» EXERCISE
Starting with the line in which "Women's G-III 4Her" appears, give back every line exactly as written until the listing ends, excluding pictures.

» MATERIAL PROVIDED
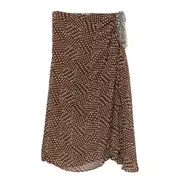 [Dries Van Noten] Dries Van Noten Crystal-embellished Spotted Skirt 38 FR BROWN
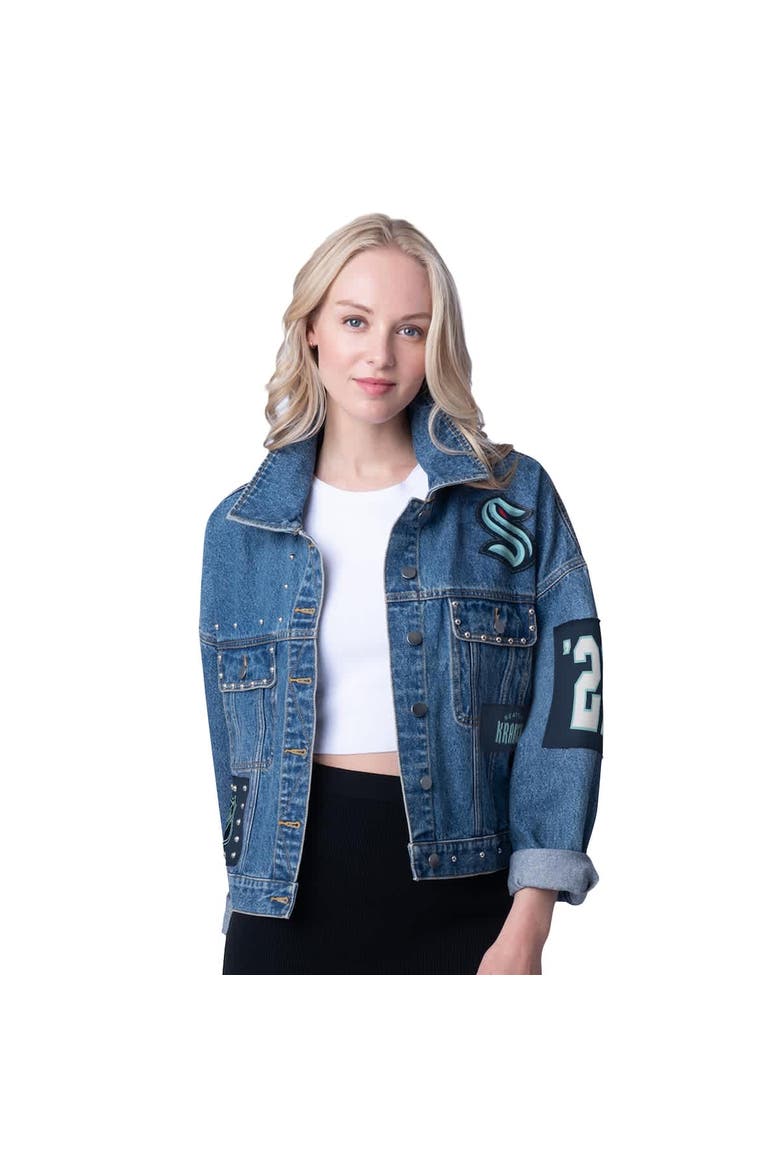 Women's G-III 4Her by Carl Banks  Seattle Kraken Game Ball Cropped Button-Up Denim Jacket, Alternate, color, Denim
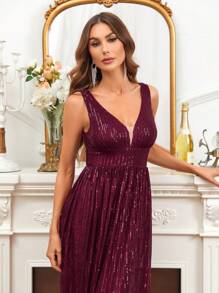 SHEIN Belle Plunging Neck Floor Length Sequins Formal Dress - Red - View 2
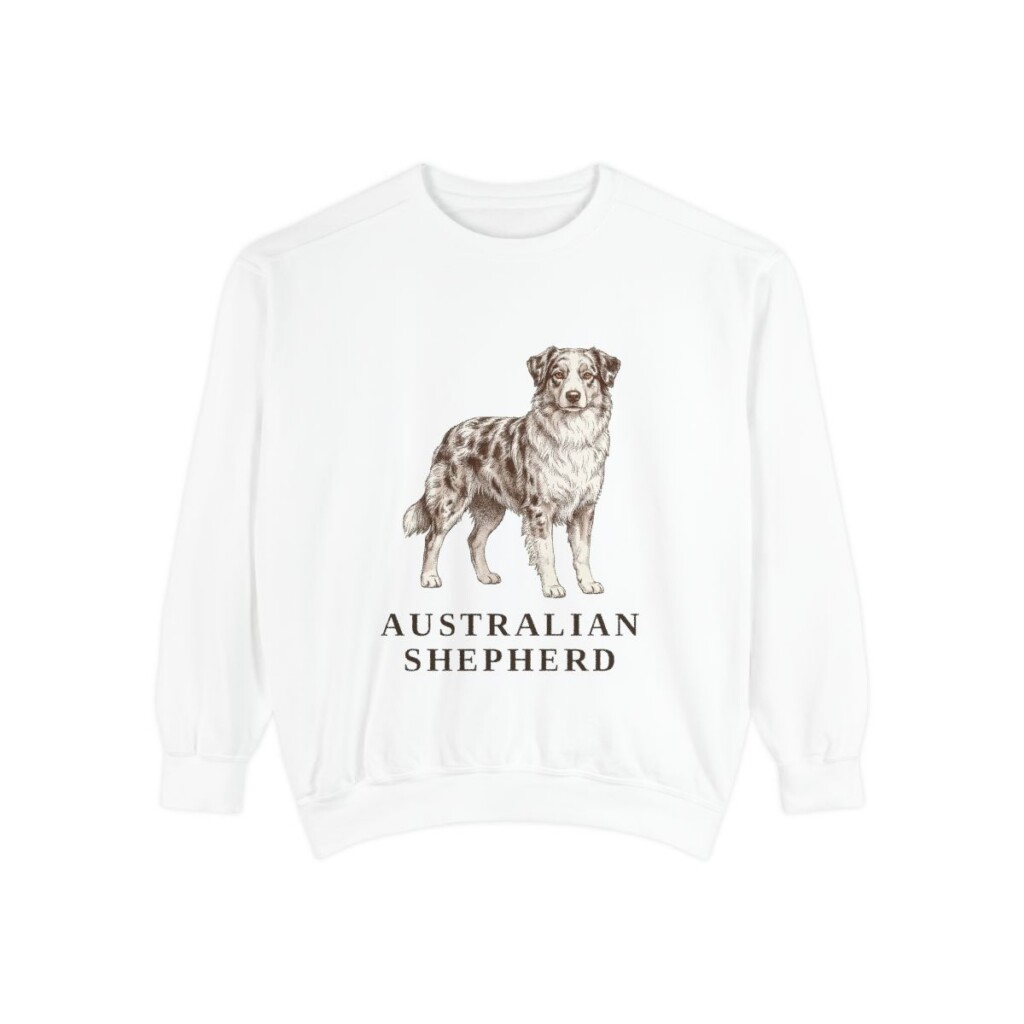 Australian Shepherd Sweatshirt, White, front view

» TASK OUTPUT
 Women's G-III 4Her by Carl Banks  Seattle Kraken Game Ball Cropped Button-Up Denim Jacket, Alternate, color, Denim
 SHEIN Belle Plunging Neck Floor Length Sequins Formal Dress - Red - View 2
 Australian Shepherd Sweatshirt, White, front view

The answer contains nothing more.